I always feel a bit like a cheater whenever I make something out of a boxed mix, especially cake. I mean, c'mon, we all do it, but I always feel that little voice in the back of my head squealing "you could be making this from scratch you lazy bum!"
That's why I'm grateful for recipes like this. It's been completely dolled up as a lovely homemade strawberry cake, swimming in sweet lemon glaze, just begging to be soaked up and licked off the plate. No one needs to know that it took about two minutes to mix up and cost about five dollars. It can be our little secret.
Strawberry Bundt Cake with Lemon Glaze
1 (18 1/4 ounce) box strawberry cake mix (Duncan Hines Moist Deluxe)
1/3 cup vegetable oil
1 cup water
3 large eggs
2 tablespoons sour cream (heaping tablespoons)
2/3 cup strawberry (either fresh strawberries pulsed a few times with food processor or strawberry pie filling drained w)
1 dash cooking spray (Bakers Joy works best)
1 3/4 cups powdered confectioners' sugar (or 2 cups if thicker texture desired)
5 tablespoons fresh lemon juice
1.Preheat oven to 350 degrees. Spray Bundt or tube pan with Bakers Joy (or spray two 8" pans with cooking spray to make layer cake).
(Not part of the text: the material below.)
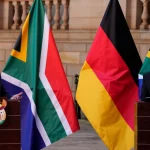 S Africa pres: Russia sanctions hurting ‘bystander’ states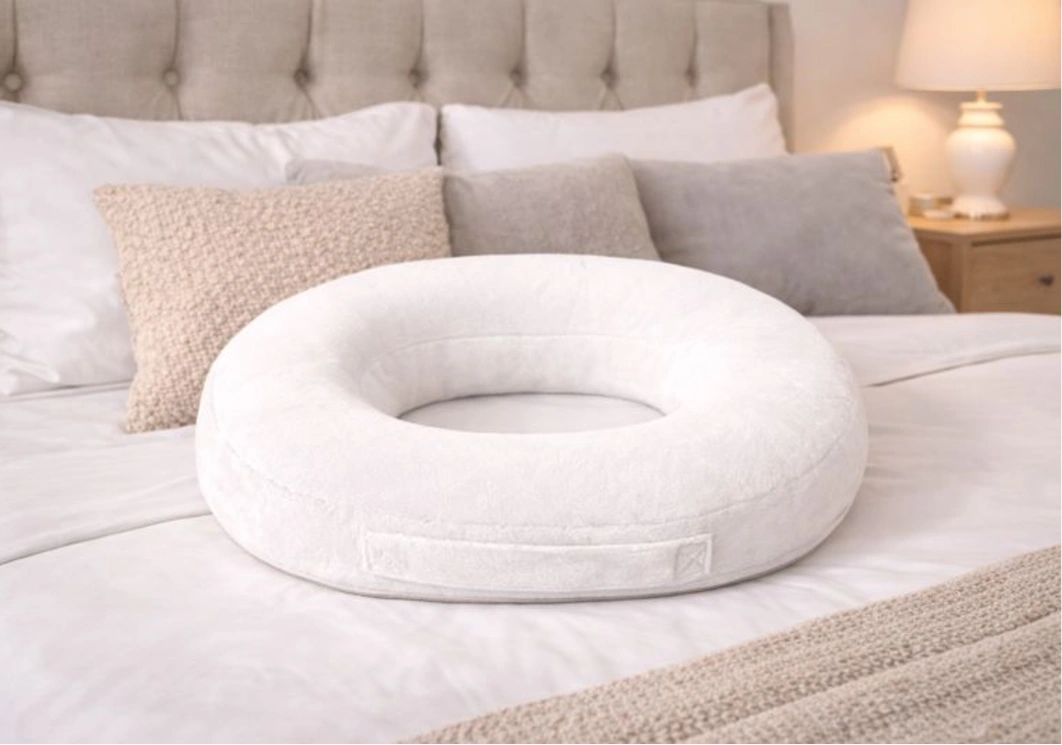 High-quality orthopedic ring cushions Dubai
2.Blend together cake mix, oil, water, eggs, and sour cream in large bowl on low speed for 1 minute then medium high speed for 2 minutes.
3.Pulse strawberries a few times until chopped (be careful not to puree them) then stir those into batter by hand then pour batter into Bundt pan (or round pans).
4.Bake for 35-40 minutes for bundt pan until done (bake 30 min for round pans). Remove from oven & let cool in pans on wire rack for 15 minutes before removing from pan.
5.Cool completely then glaze by combining the powdered sugar & lemon juice - whisk together until creamy then drizzle over top and sides of cake.